**Exercise directions:**
When you reach the records below, output every one exactly as written but leave out any pictures.

Image-caption web data

━━━━━━━━━━

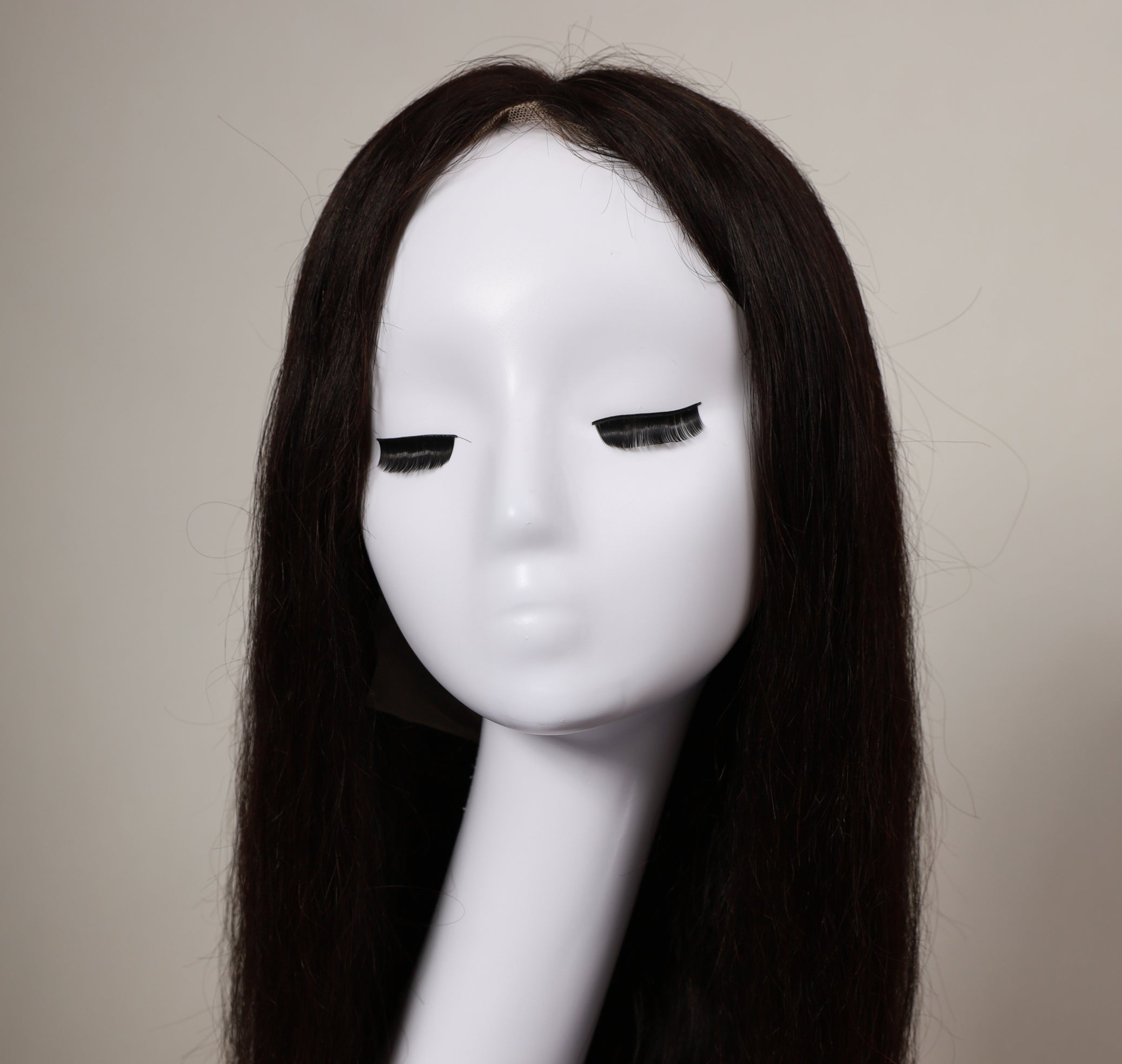 Genuine InTheMask by MOLIS full lace wig in brunette brown, 16 to 22 inches, showcasing the natural hair and lace cap.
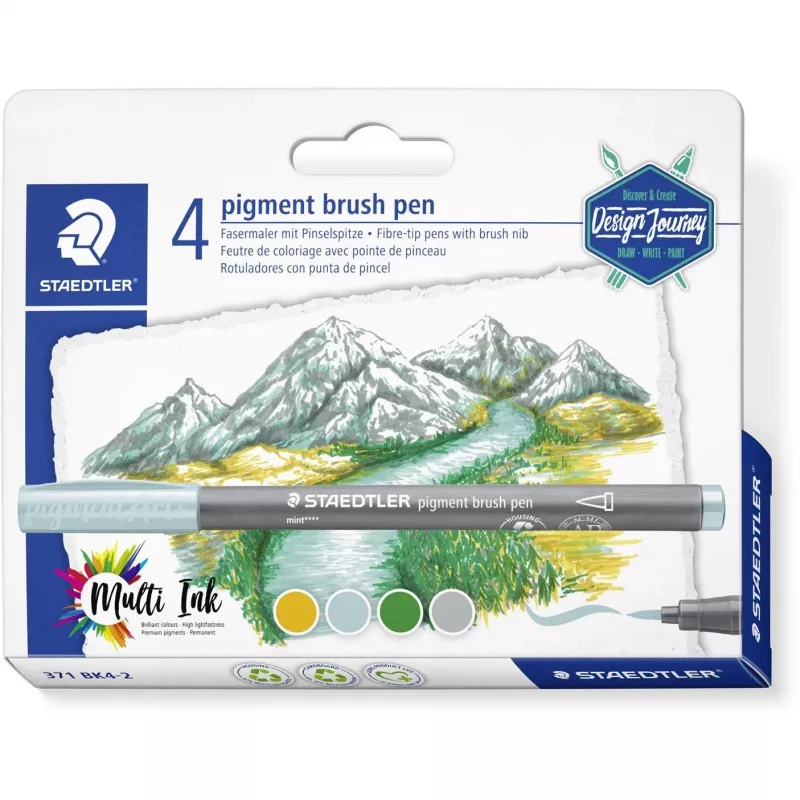 Staedtler pigment brush pen 371 Fasermaler Gold 1 Stück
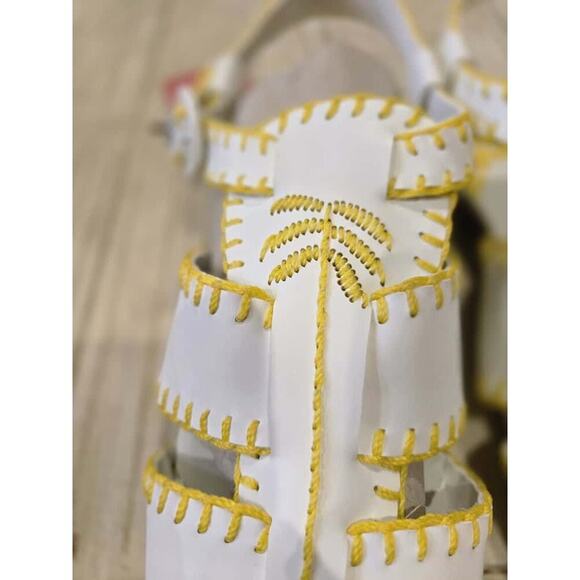 Farm Rio Women's White Slingback Sandals Palm Tree Whipstitch Casual Size 8 - Picture 1 of 11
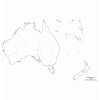 Mapa Austrálie - vodní toky, slepá (50 ks pracovních listů)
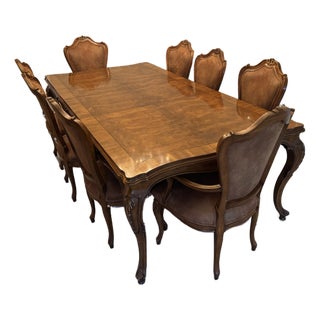 1980s Karges Vintage Dinning Room Table 48 X 72 Expands to 132 Included 8 Chairs and 3 Inserts (Leaves) For Sale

━━━━━━━━━━

**Final answer:**
 Genuine InTheMask by MOLIS full lace wig in brunette brown, 16 to 22 inches, showcasing the natural hair and lace cap.
 Staedtler pigment brush pen 371 Fasermaler Gold 1 Stück
 Farm Rio Women's White Slingback Sandals Palm Tree Whipstitch Casual Size 8 - Picture 1 of 11
 Mapa Austrálie - vodní toky, slepá (50 ks pracovních listů)
 1980s Karges Vintage Dinning Room Table 48 X 72 Expands to 132 Included 8 Chairs and 3 Inserts (Leaves) For Sale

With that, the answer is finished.